Source records:
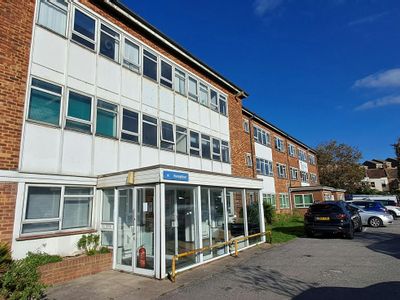 Property Image for Offices, Trafalgar House, Quarry Road Industrial Estate, Newhaven, BN9 9DD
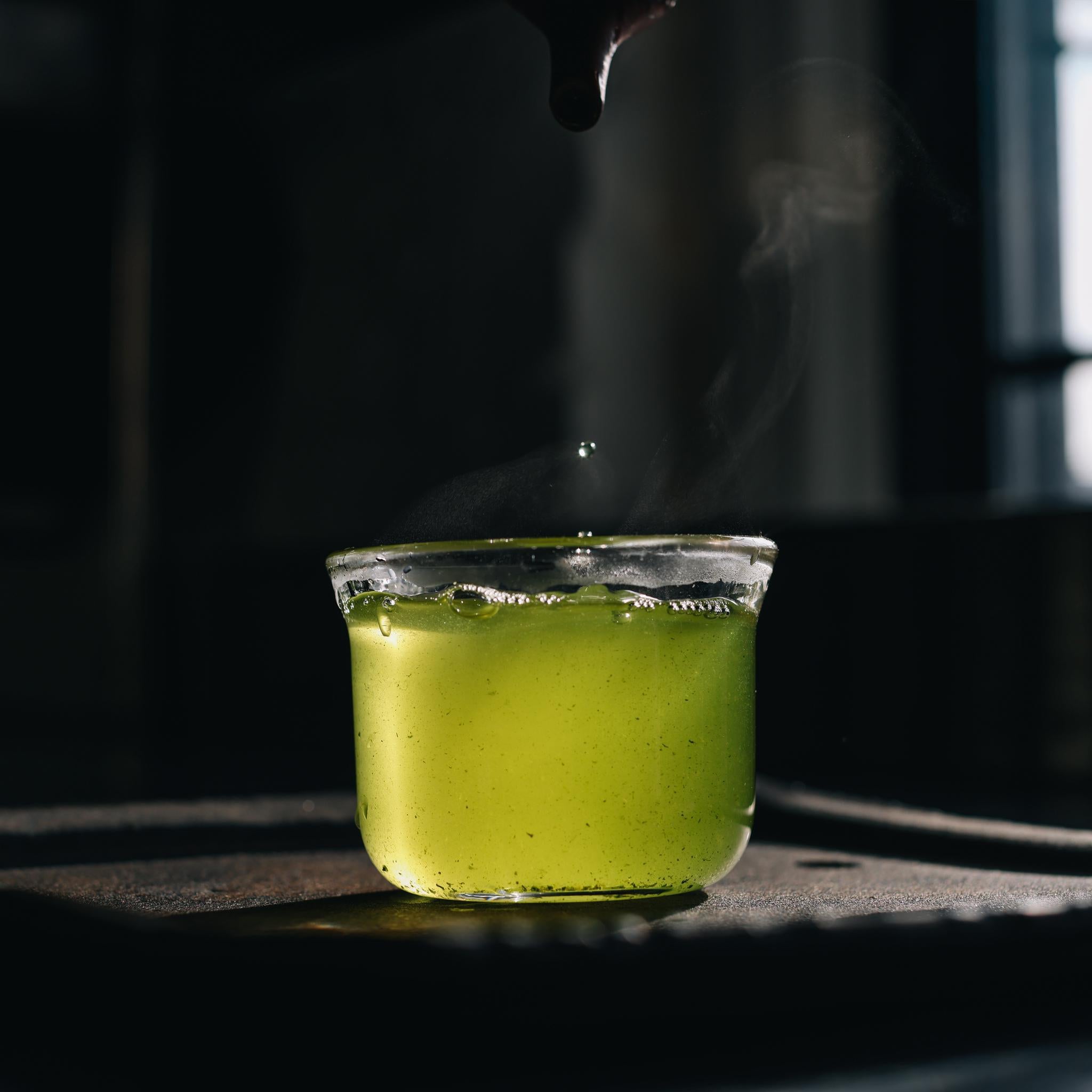Miyabi Sencha – Kettl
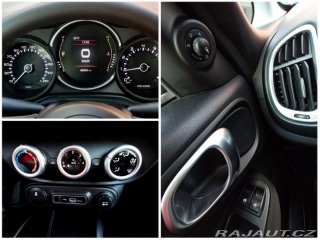 Fiat 500L S-Design 70kW 2019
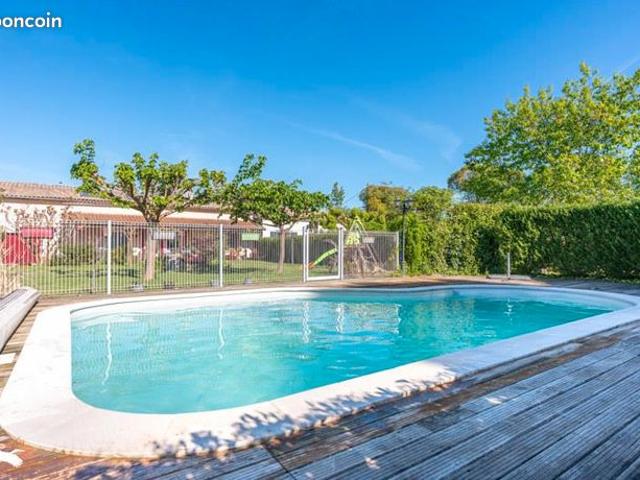 Maison 5 pièces 113 m²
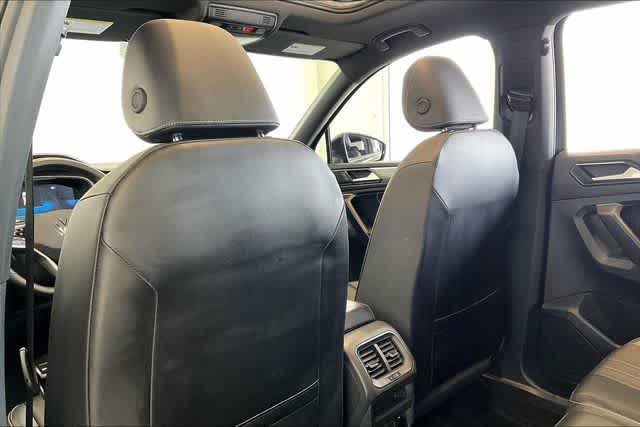 Thumbnail: 2023 Volkswagen Tiguan - 13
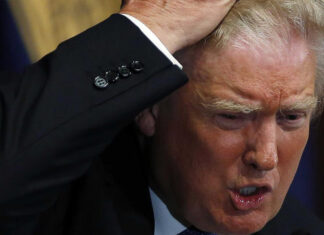 Trump Threatens To Send Troops To Save Non Existent Part Of Chicago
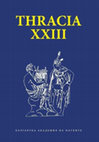 Research paper thumbnail of Владетелят Орол - между мита и хипотезите. - В: Thracia 23. Thraco-Anatolica. Сборник в чест на 65-годишнината на проф. Порожанов. София, 2018, 159-172.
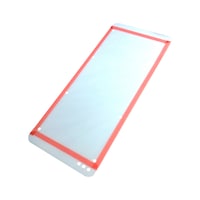 Visor for SR63 R03-0306 Sundström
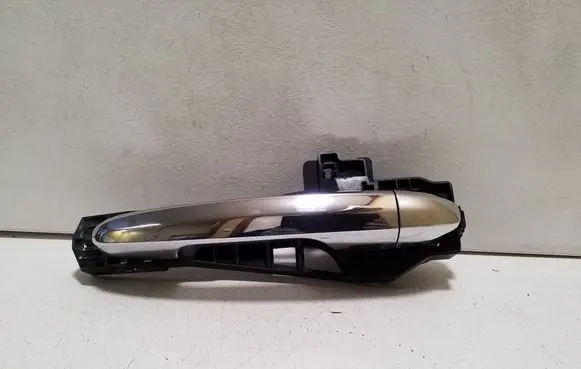 Fiat 500L Rear door exterior handle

Assigned task:
Can the lines from the start of the records through the line with "Trump Threatens To" be given again exactly, with the pictures left out?

Output for this exercise:
 Property Image for Offices, Trafalgar House, Quarry Road Industrial Estate, Newhaven, BN9 9DD
Miyabi Sencha – Kettl
 Fiat 500L S-Design 70kW 2019
 Maison 5 pièces 113 m²
 Thumbnail: 2023 Volkswagen Tiguan - 13
 Trump Threatens To Send Troops To Save Non Existent Part Of Chicago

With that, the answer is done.